The MAX116xx, MAX103x, and MAX123x families of low-power, multichannel, 300ksps SAR ADCs have configurable clock modes that enable flexibility when interfacing with a SPI master. The four different clock modes allow the system designer to configure the throughput, pin count, and sample trigger. For designs with limited hardware pins available, only four lines are required to operate these ADCs in clock modes 10 and 11. For highest throughput, clock mode 11 can be used to clock the conversion as data is simultaneously read out. If precise control over the sampling instant is required, clock mode 01 provides the system designer the ability to exactly trigger each acquisition externally. For systems with additional hardware resources, clock modes 00, 01, and 10 provide a hardware indicator, active-low EOC, to signal the end of conversion. A summary of the tradeoffs of using each clock mode is shown in Table 1.

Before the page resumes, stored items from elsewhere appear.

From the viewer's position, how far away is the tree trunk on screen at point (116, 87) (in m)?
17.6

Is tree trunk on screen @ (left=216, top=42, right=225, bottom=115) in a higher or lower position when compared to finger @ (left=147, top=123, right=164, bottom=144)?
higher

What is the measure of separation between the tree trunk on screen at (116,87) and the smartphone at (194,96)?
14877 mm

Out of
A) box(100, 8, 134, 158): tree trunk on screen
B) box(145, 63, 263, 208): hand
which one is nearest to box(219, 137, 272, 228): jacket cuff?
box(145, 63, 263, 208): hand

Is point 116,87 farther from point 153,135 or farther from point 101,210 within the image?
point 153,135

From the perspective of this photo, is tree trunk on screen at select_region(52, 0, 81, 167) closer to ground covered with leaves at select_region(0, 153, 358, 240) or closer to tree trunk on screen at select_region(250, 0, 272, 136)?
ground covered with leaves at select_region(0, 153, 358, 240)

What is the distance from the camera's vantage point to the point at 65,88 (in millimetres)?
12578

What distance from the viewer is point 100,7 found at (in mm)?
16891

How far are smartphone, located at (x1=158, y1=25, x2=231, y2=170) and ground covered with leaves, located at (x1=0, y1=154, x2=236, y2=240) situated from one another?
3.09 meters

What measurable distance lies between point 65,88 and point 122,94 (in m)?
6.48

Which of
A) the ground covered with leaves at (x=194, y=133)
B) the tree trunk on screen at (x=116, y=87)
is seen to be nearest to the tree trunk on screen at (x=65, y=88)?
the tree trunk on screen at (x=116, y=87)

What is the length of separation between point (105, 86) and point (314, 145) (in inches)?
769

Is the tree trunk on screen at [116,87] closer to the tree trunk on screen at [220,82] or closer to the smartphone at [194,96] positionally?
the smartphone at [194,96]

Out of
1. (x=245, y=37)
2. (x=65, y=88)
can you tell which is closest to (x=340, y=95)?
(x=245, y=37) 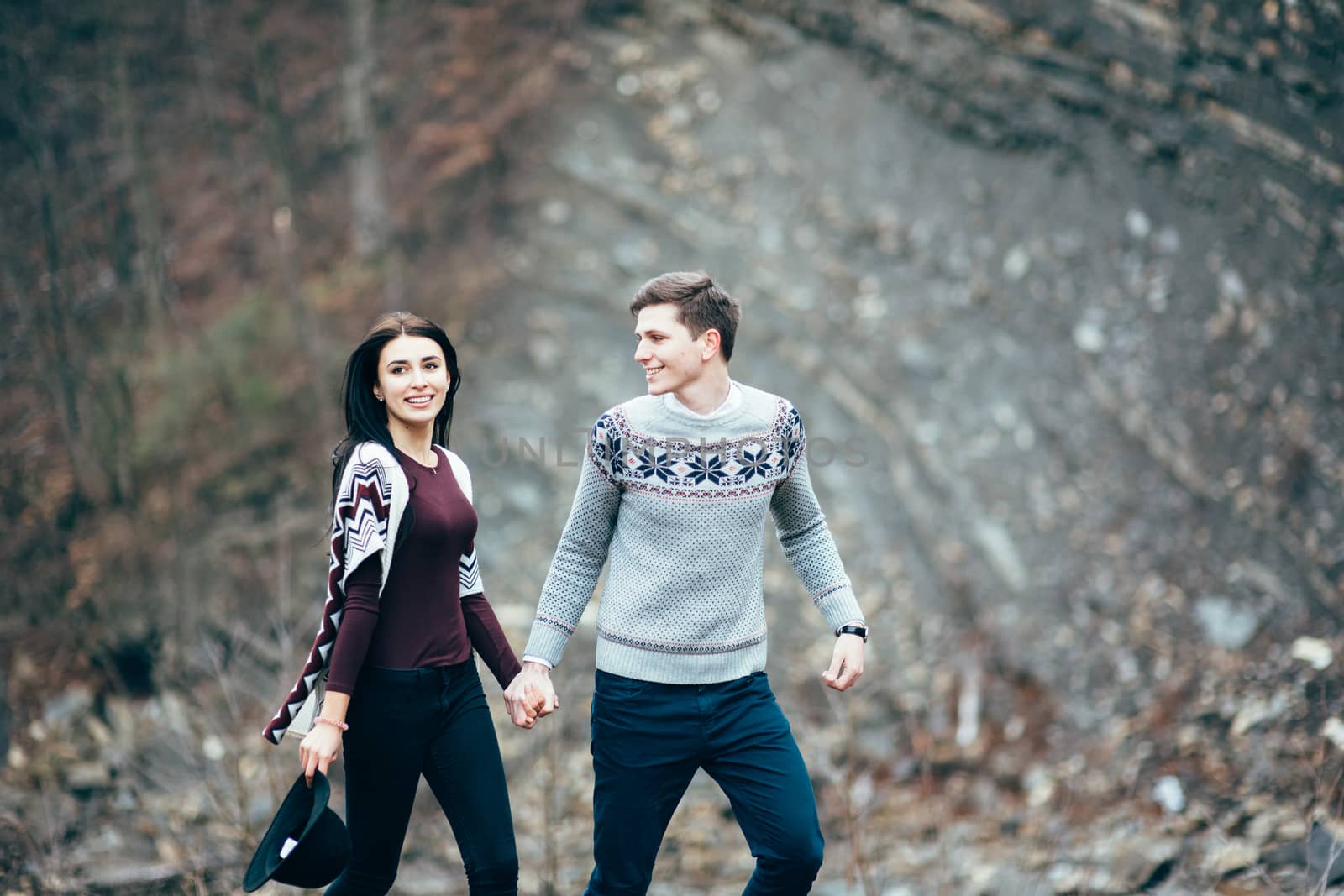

Table 1. Summary of Clock Mode Differences

  Pin Count Acquisition Timing Acquisition Trigger Averaging Throughput
Mode 00 5 or 6 pins 1st Acquisition Only Active-low CNVST Yes Medium
Mode 01 5 or 6 pins Every Acquisition Active-low CNVST Yes Low
Mode 10 4 or 5 pins 1st Acquisition Only Active-low CS Yes Medium
Mode 11 4 pins Every Acquisition SCLK No High

Using Clock Mode 00

This clock mode uses five or six hardware pins and gives control over the initial acquisition timing only. In clock mode 00, acquisitions and conversions are both internally timed. After the voltage reference is chosen and the Averaging register is configured, all of the requested acquisitions and conversions across all channels can be initiated by a single active-low CNVST assert pulse. It is always best practice to clear the internal FIFO before initiating a series of conversions. To clear the FIFO without changing any of the register settings, write an input data byte of 0x18 to the device. Before initiating any conversions in clock mode 00, the conversion byte must be written before asserting active-low CNVST. Without writing the conversion byte before each series of data acquisitions/conversions, there will be no output data. This process is outlined in Figure 1.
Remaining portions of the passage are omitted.